● Problem
Without any pictures, restate the full set of records below exactly.

Start of Block

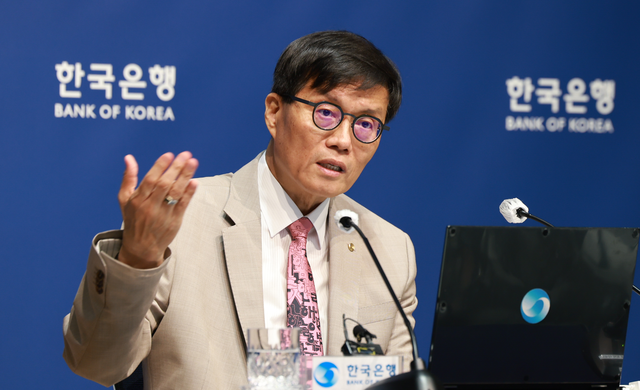 [한국은행 제공]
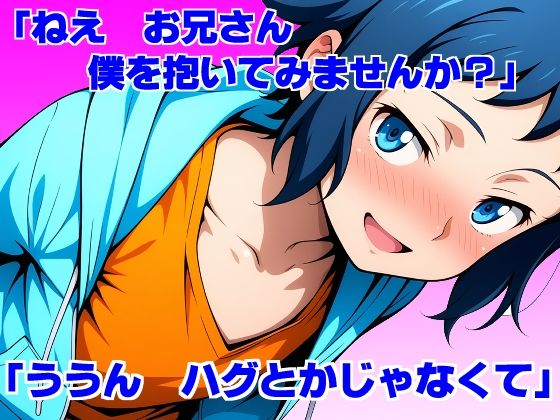 ビルド・ボーイ_2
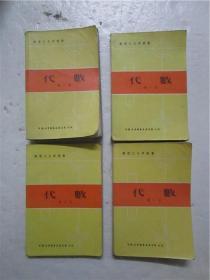 数理化自学丛书：《代数》第一册 第二册 第三册 第四册，1-4册全合售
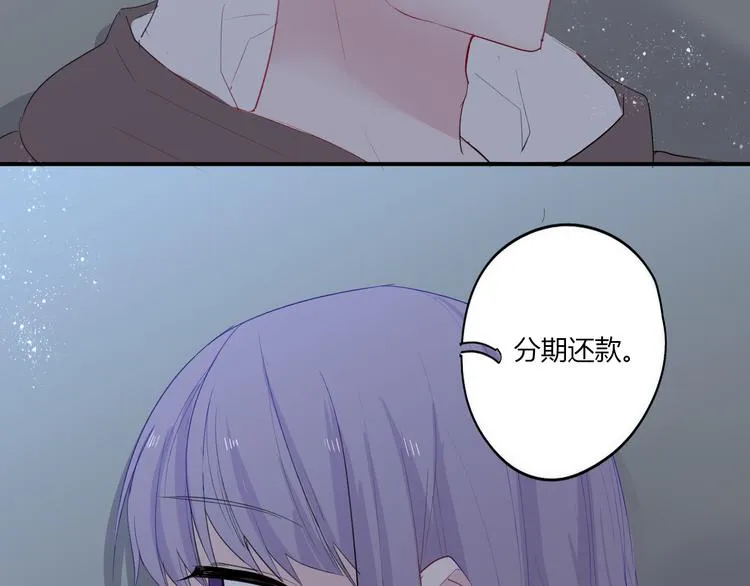 第27话 摘星 第85页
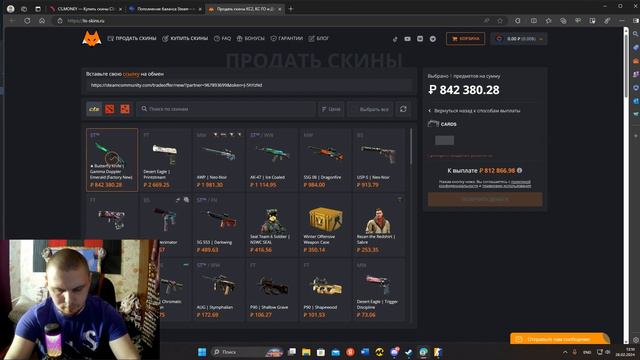 ПРОДАЛ НОЖ БАБОЧКА НА LIS-SKINS СКАМ ИЛИ НЕТ?.... #kirrit #lisskins #cs2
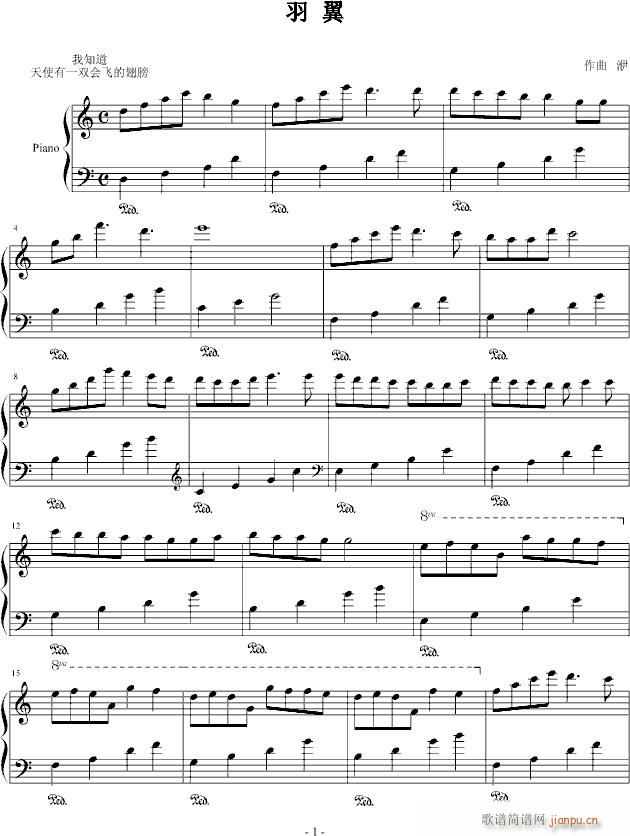 (V)1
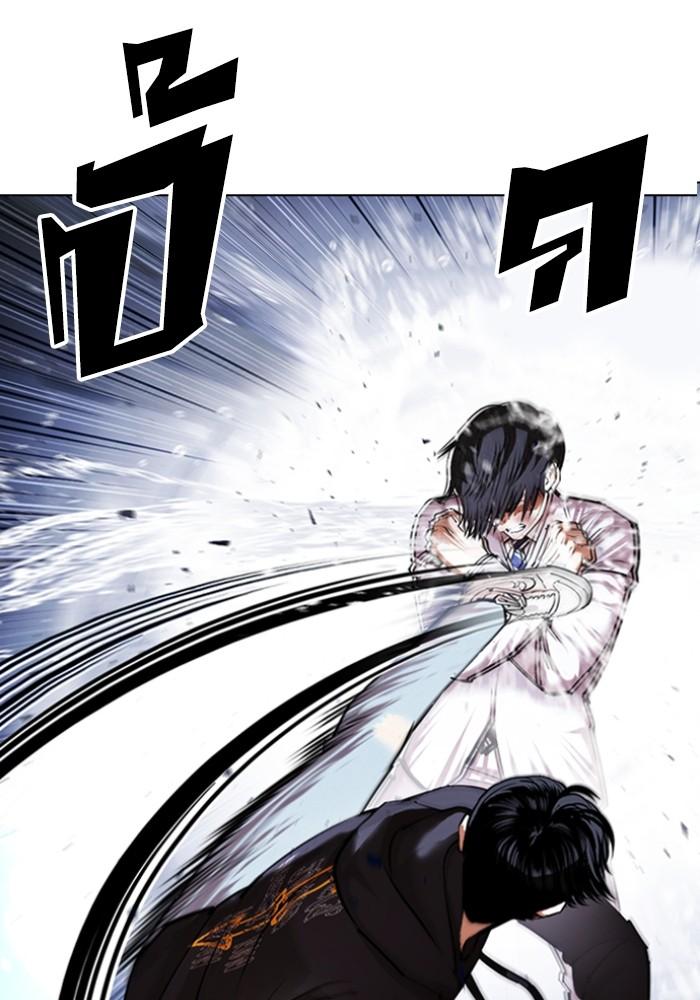 Lookism ตอนที่ 425 หน้า 8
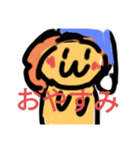 DOUBUTUPARADAISU（個別スタンプ：5）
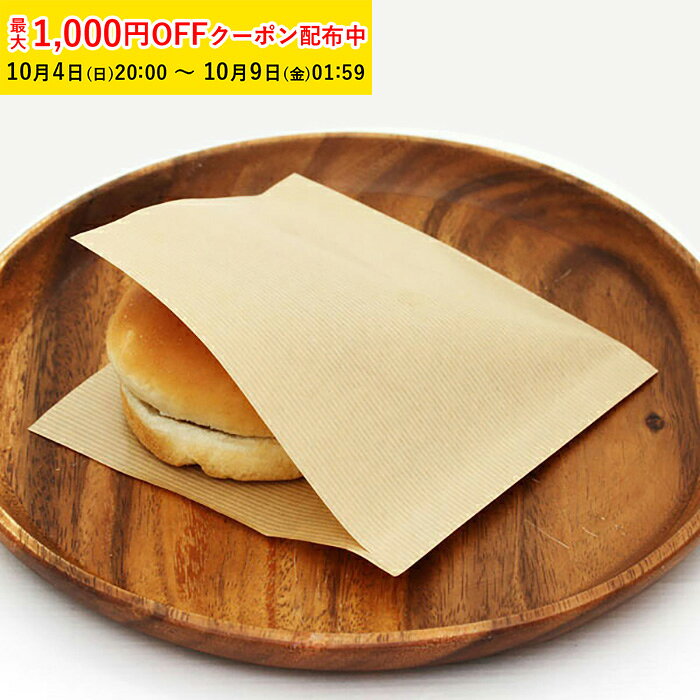 バーガー袋 15cm (茶筋) 100枚入 業務用 無地 テイクアウト 容器 ラッピングペーパー OP11-100 【ペーストリート公式】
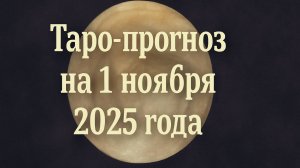 «Таро-прогноз на 1 ноября 2025 года — Колесо Фортуны и новые возможности» 🔮💫✨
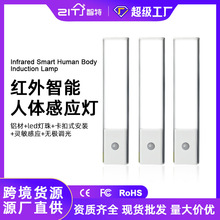 LED人体感应灯usb充电无线智能橱柜灯玄关过道人来即亮感应磁吸灯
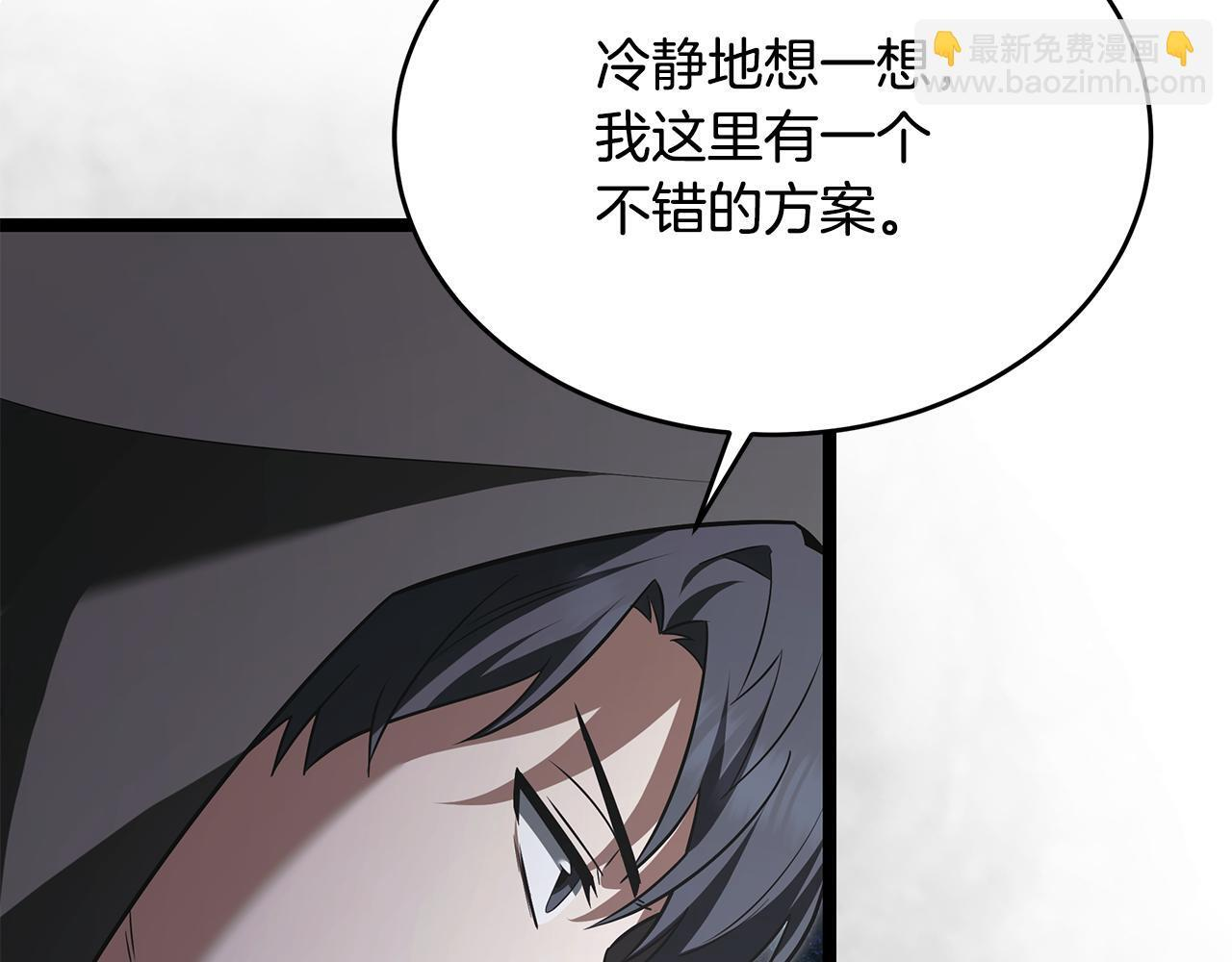第48话 似曾相识的故人 第232页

End of Block

● Response
 [한국은행 제공]
 ビルド・ボーイ_2
 数理化自学丛书：《代数》第一册 第二册 第三册 第四册，1-4册全合售
 第27话 摘星 第85页
 ПРОДАЛ НОЖ БАБОЧКА НА LIS-SKINS СКАМ ИЛИ НЕТ?.... #kirrit #lisskins #cs2
 (V)1
 Lookism ตอนที่ 425 หน้า 8
 DOUBUTUPARADAISU（個別スタンプ：5）
 バーガー袋 15cm (茶筋) 100枚入 業務用 無地 テイクアウト 容器 ラッピングペーパー OP11-100 【ペーストリート公式】
 «Таро-прогноз на 1 ноября 2025 года — Колесо Фортуны и новые возможности» 🔮💫✨
 LED人体感应灯usb充电无线智能橱柜灯玄关过道人来即亮感应磁吸灯
第48话 似曾相识的故人 第232页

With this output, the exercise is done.